§ **Aim of the task**: Directions for the data below: repeat exactly the lines from the one with "Krzesło tapicerowane Cassari" through the one with "Niche 1PC M257", both included, and omit all pictures.

§ **Given information**:
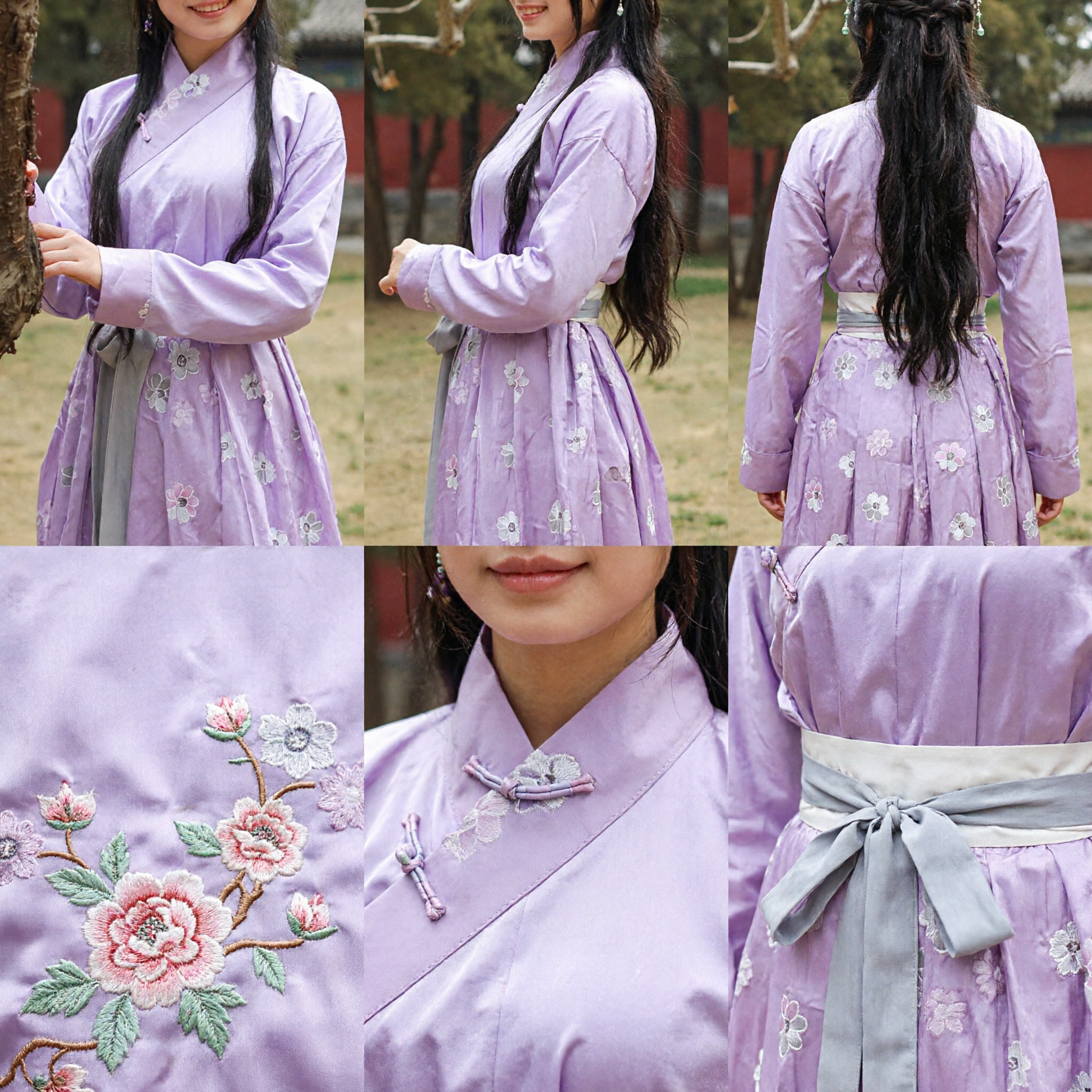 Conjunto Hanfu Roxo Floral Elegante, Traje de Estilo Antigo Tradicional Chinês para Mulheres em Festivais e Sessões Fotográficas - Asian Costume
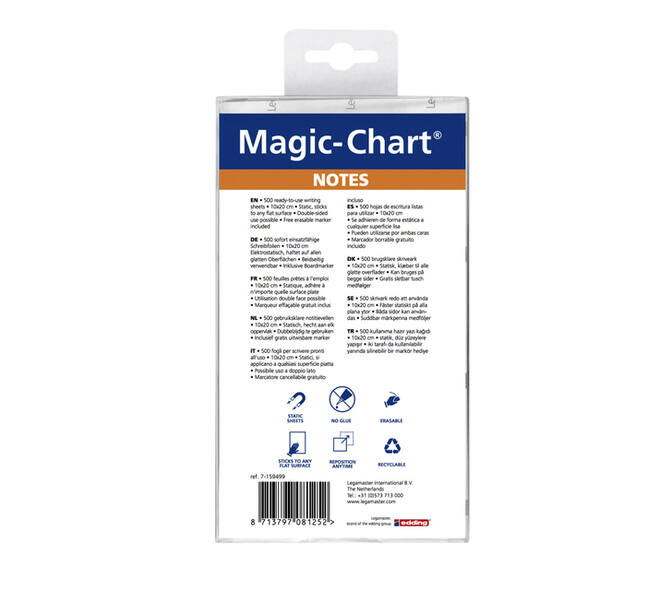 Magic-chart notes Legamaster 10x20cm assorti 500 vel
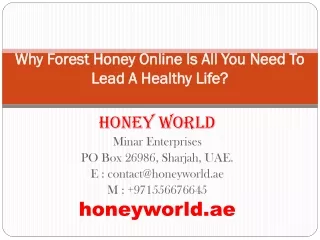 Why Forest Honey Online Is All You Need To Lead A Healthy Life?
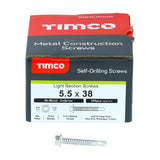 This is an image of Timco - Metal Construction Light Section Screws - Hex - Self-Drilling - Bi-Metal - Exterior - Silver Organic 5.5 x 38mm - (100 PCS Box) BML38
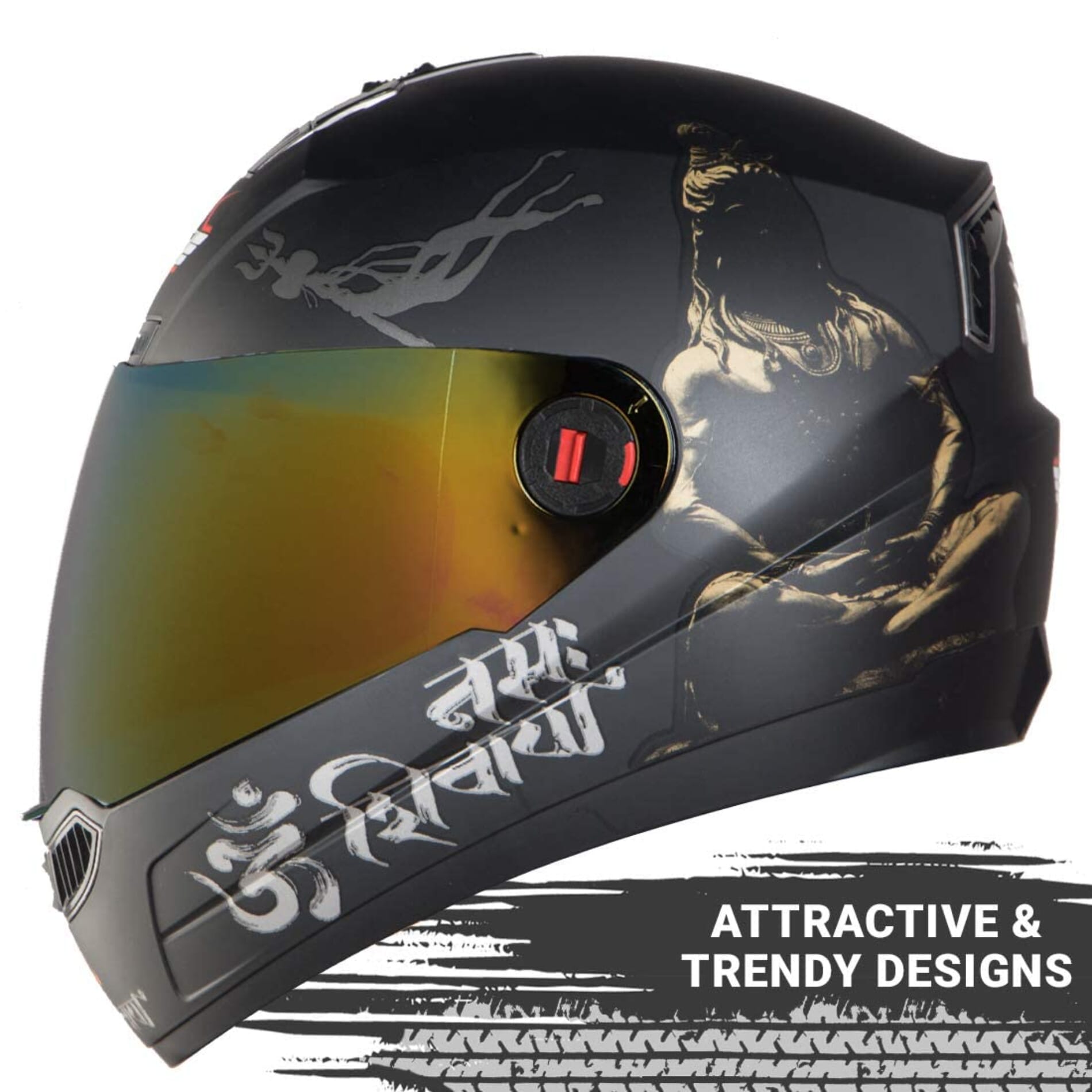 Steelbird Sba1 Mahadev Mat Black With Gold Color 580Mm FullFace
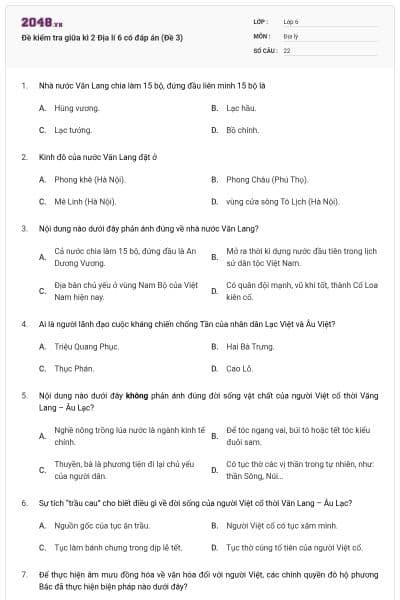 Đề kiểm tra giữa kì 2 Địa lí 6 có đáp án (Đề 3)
* * *
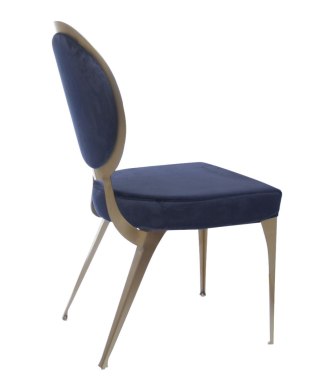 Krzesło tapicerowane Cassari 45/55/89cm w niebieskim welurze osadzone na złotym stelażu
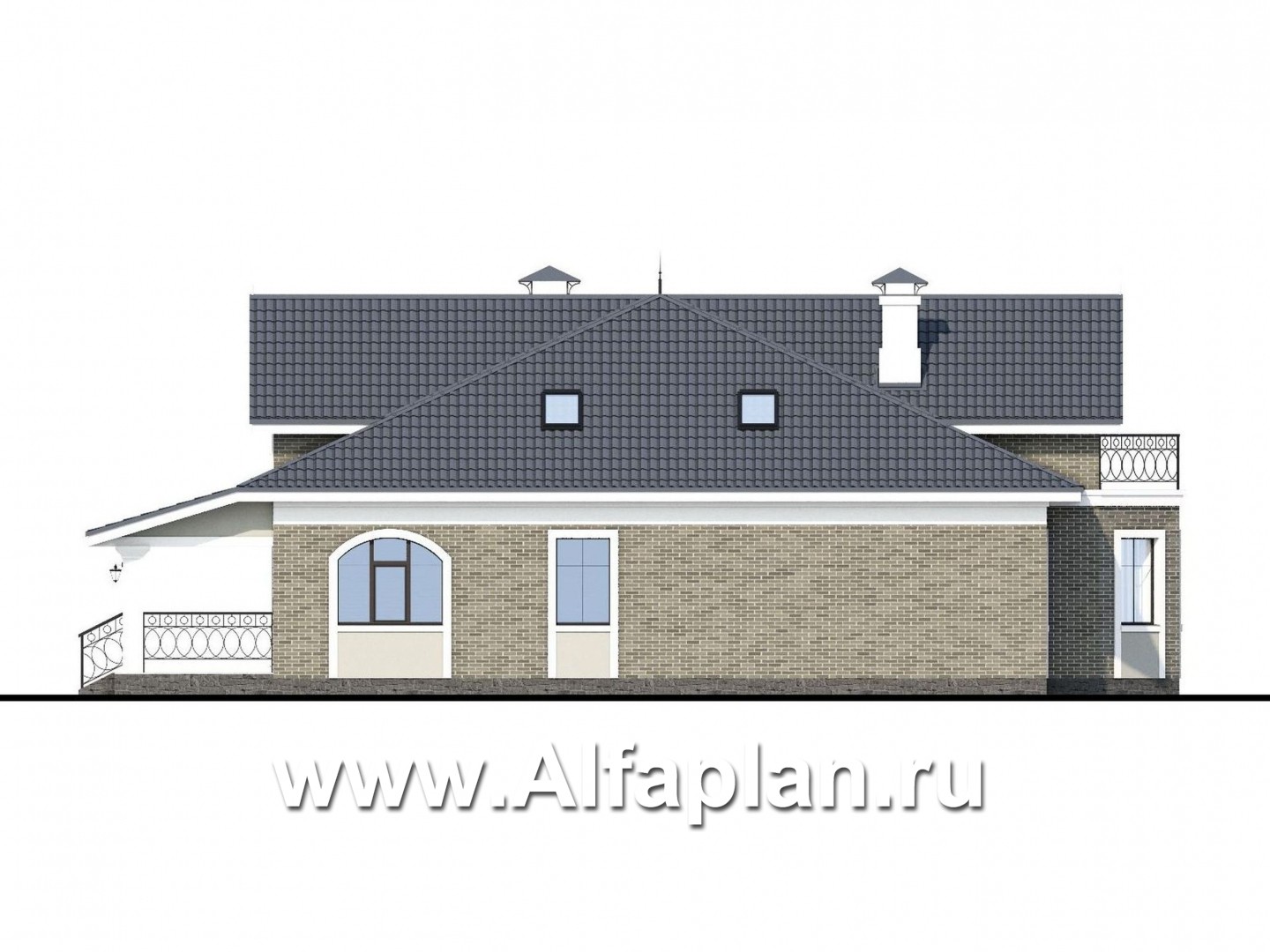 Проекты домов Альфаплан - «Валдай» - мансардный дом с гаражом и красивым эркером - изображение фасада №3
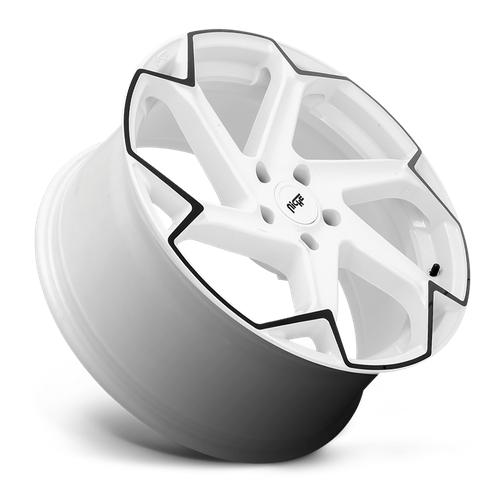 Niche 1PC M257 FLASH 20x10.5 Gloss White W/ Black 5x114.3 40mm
--
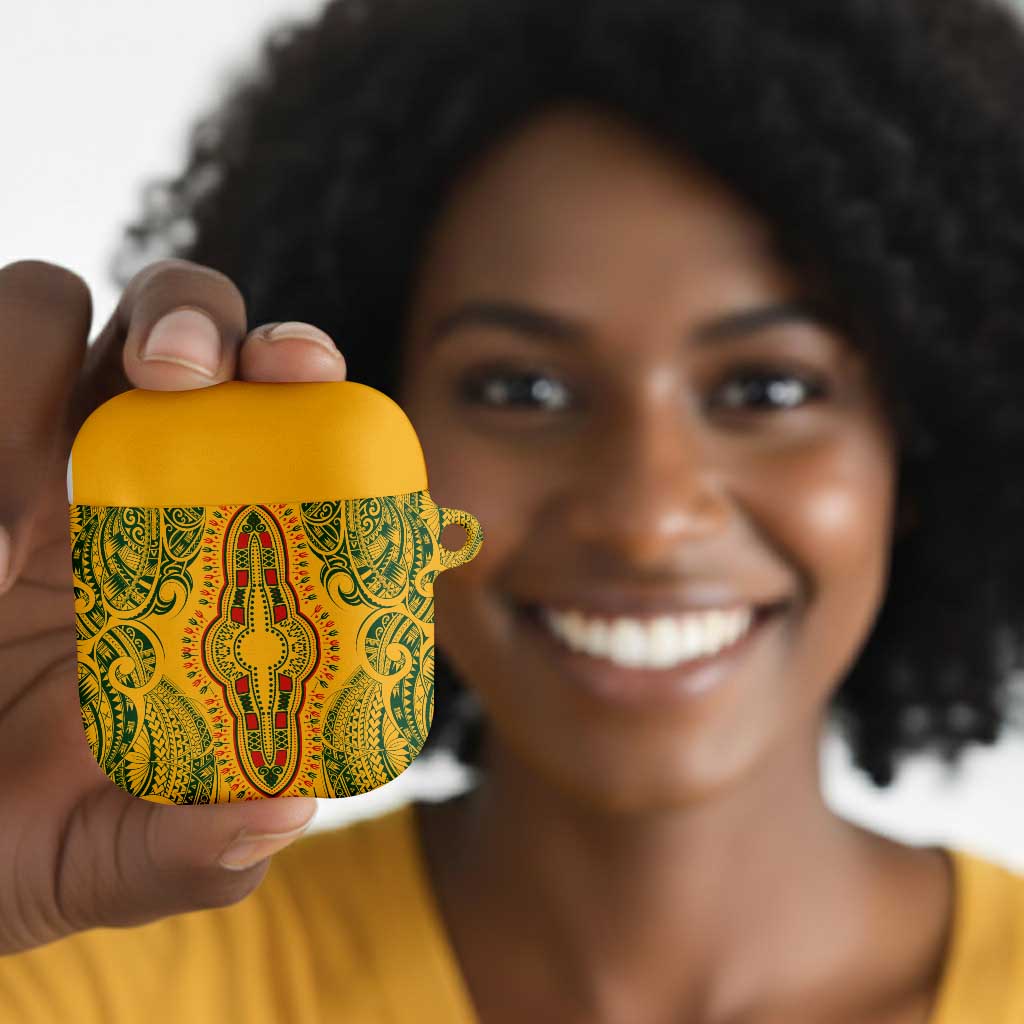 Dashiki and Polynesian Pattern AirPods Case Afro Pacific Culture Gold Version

§ **Result below**:
 Krzesło tapicerowane Cassari 45/55/89cm w niebieskim welurze osadzone na złotym stelażu
 Проекты домов Альфаплан - «Валдай» - мансардный дом с гаражом и красивым эркером - изображение фасада №3
 Niche 1PC M257 FLASH 20x10.5 Gloss White W/ Black 5x114.3 40mm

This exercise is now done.